Initialize a Project.

Parameters#

folder: Path

Path to the folder containing the original audio files.

strptime_format: str | None

The strptime format used in the filenames. It should use valid strftime codes (https://strftime.org/). If None, the first audio file of the folder will start at first_file_begin, and each following file will start at the end of the previous one.

gps_coordinates: str | list | tuple

GPS coordinates of the location were audio files were recorded.

depth: float

Depth at which the audio files were recorded.

timezone: str | None

Timezone in which the audio data will be located. If the audio file timestamps are parsed with a tz-aware strptime_format (%z or %Z code), the AudioFiles will be converted from the parsed timezone to the specified timezone.

outputs: dict | None

Core API Datasets that have been exported in this project. Mainly used for deserialization.

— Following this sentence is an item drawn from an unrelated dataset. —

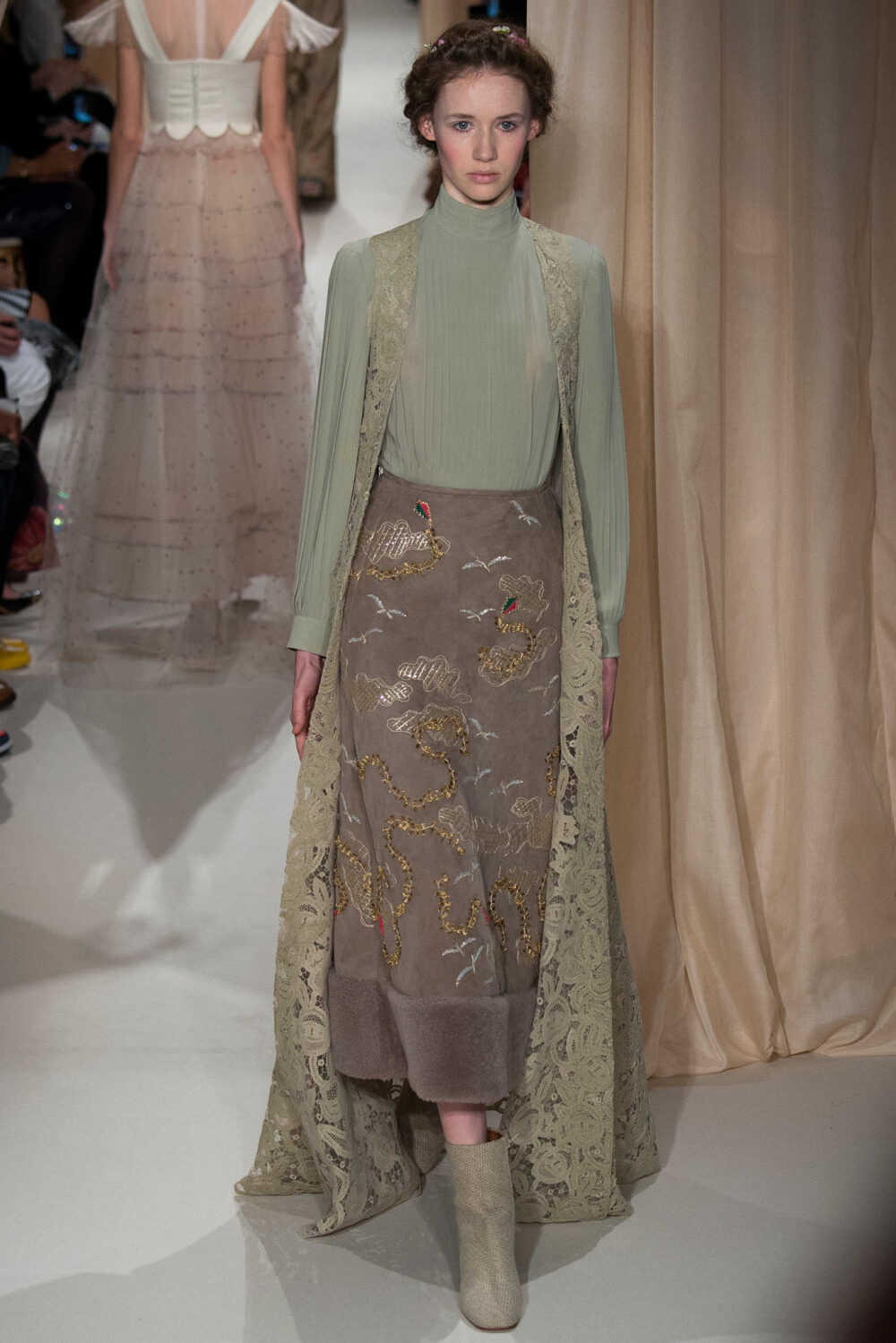 Valentino Spring 2015 Couture。 华伦天奴2015春夏高级定制秀，将童话、东欧民族元素、中世纪宫廷与教会风格不着痕迹地融于一炉，这样的盛景，大概也只有在Valentino2015春夏高定秀上才能见得到了。该系列灵感源自莎士比亚戏剧、但丁的神曲、法国画家马克·夏卡尔的画作等。也表现出强烈的东欧民族特色，无论是色彩、材质、图案，还是最具特点的刺绣。虽则仍是雪纺、刺绣、天鹅绒的高定老三样，但能一如既往高水准发挥，工巧精妍，却艳而不俗。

job_builder: Job_builder | None

If None, outputs from this Project will be run locally. Otherwise, PBS job files will be created and submitted when transforms are run. See the osekit.job module for more info.

instrument: Instrument | None

Instrument that might be used to obtain acoustic pressure from the wav audio data. See the osekit.core.instrument module for more info.

first_file_begin: Timestamp | None

Timestamp of the first audio file being processed. Will be ignored if striptime_format is specified.

build() None#

Build the Project.

Building a Project moves the original audio files to a specific folder and creates serialized json files used by APLOSE.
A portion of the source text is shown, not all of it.